• [What you are asked to do]
Beginning with the line that holds "Thoughtful Iranian Man in Office Setting", copy each line to the end of the records exactly, except the pictures.

• [Input material]

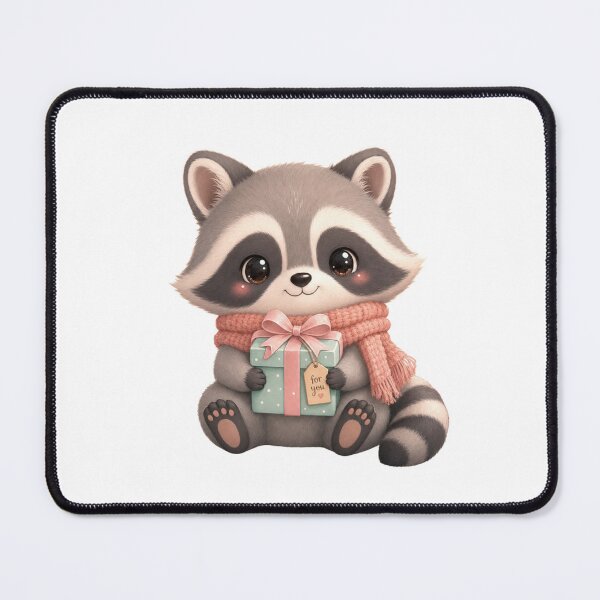 Item preview, Holiday Kawaii Raccoon with Scarf — Pastel Seasonal Mug & Card Design designed and sold by Ashley critters.
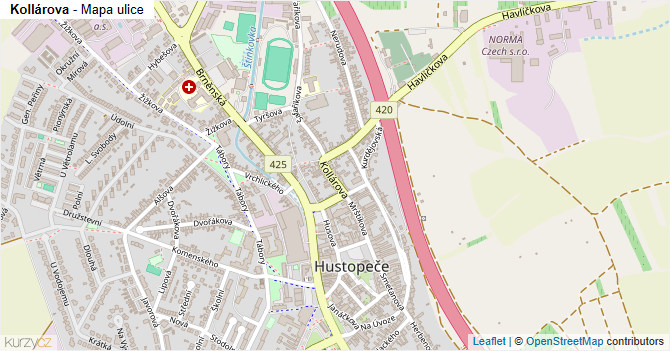 Kollárova - mapa ulice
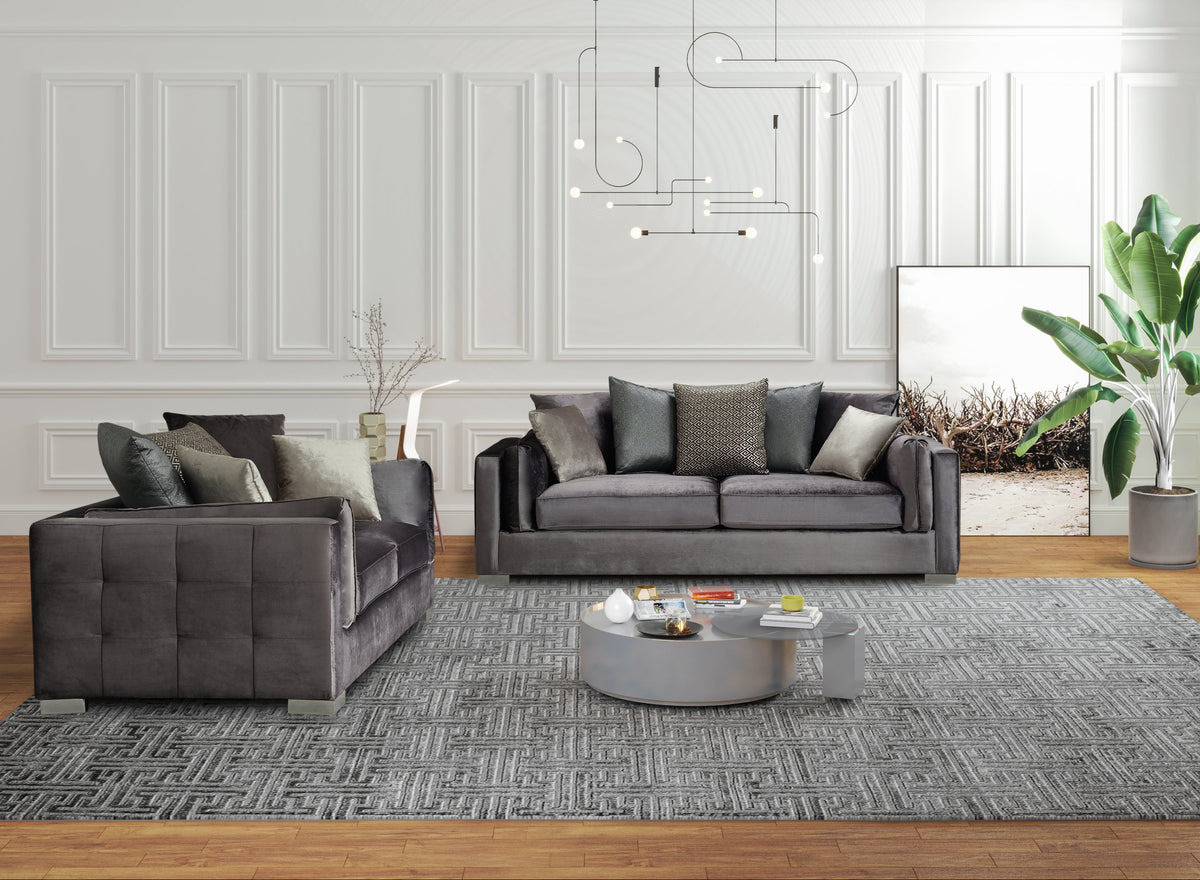 Clara Gray Velvet Sofa & Loveseat from Nova Furniture - Luna Furniture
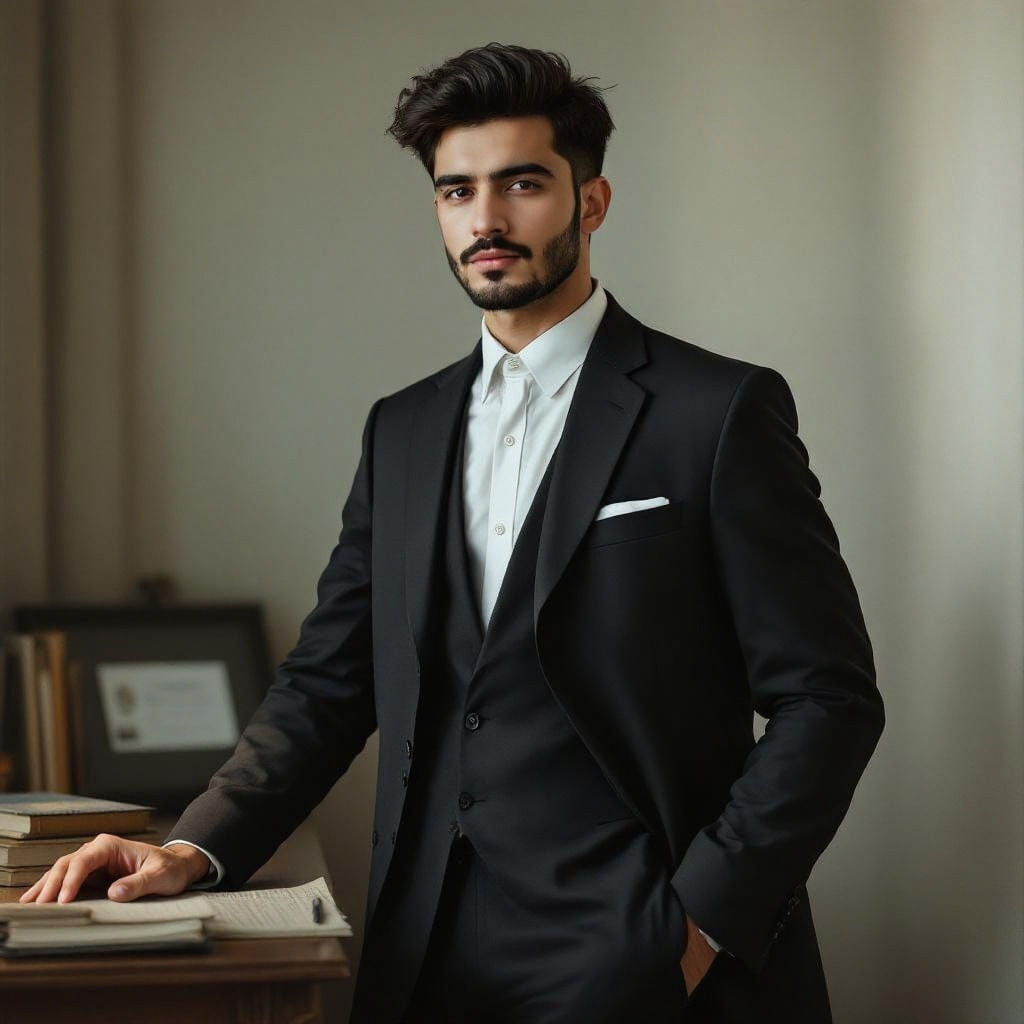 Thoughtful Iranian Man in Office Setting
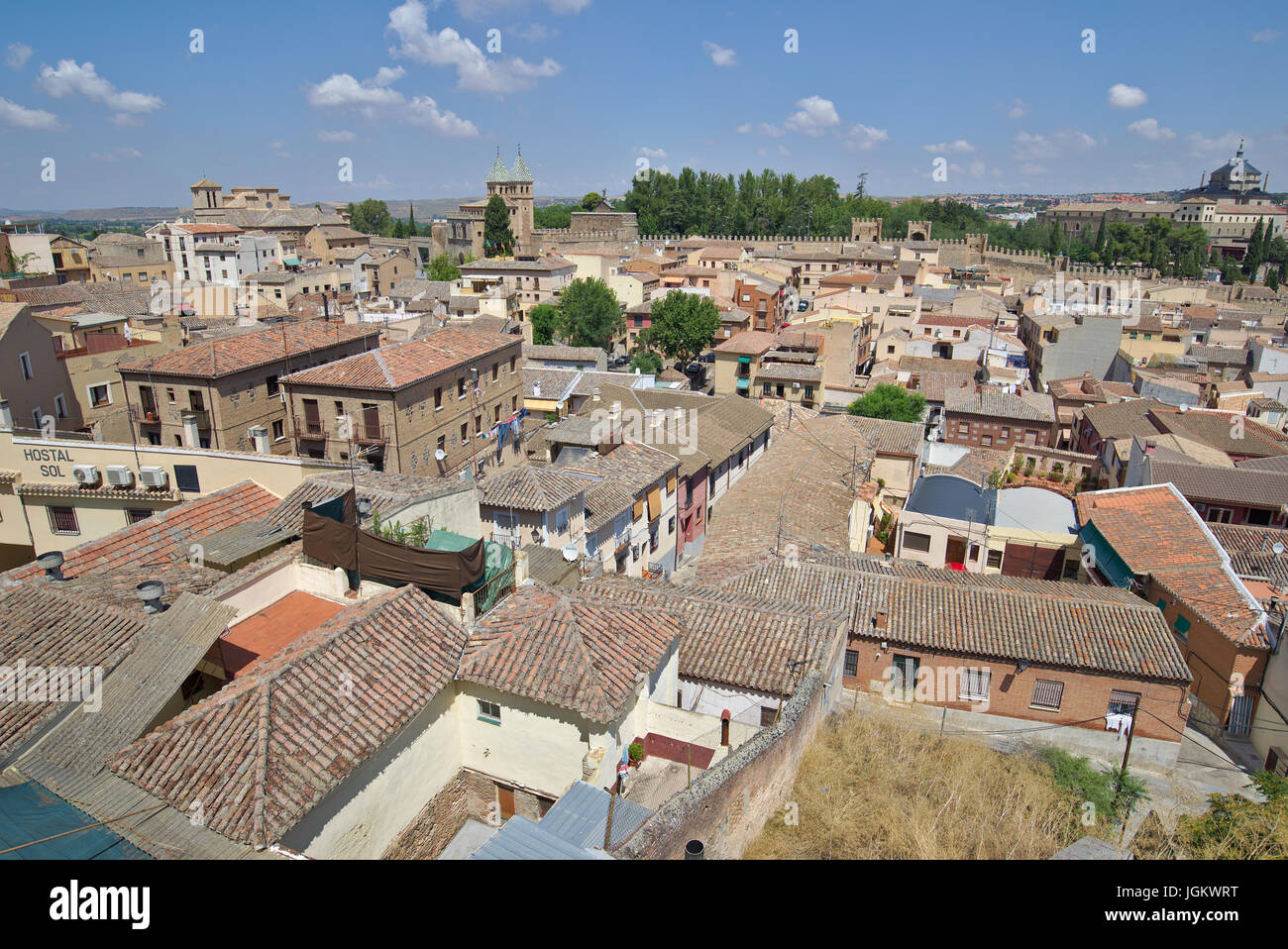 Luftaufnahme des Viertels "Salto del Caballo". Aufnahme in Toledo, Juli 2017 Stockfoto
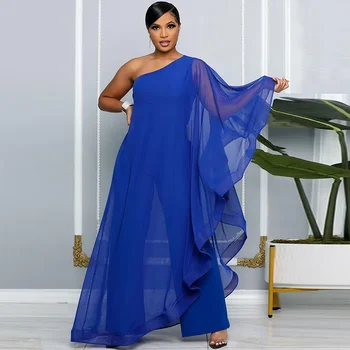 Elegant Chiffon One Shoulder Wide Leg Jumpsuit Women Club Party Birthday Outfits One Pieces Rompers Overalls Combinaison Femme 1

• [Written answer]
 Thoughtful Iranian Man in Office Setting
 Luftaufnahme des Viertels "Salto del Caballo". Aufnahme in Toledo, Juli 2017 Stockfoto
 Elegant Chiffon One Shoulder Wide Leg Jumpsuit Women Club Party Birthday Outfits One Pieces Rompers Overalls Combinaison Femme 1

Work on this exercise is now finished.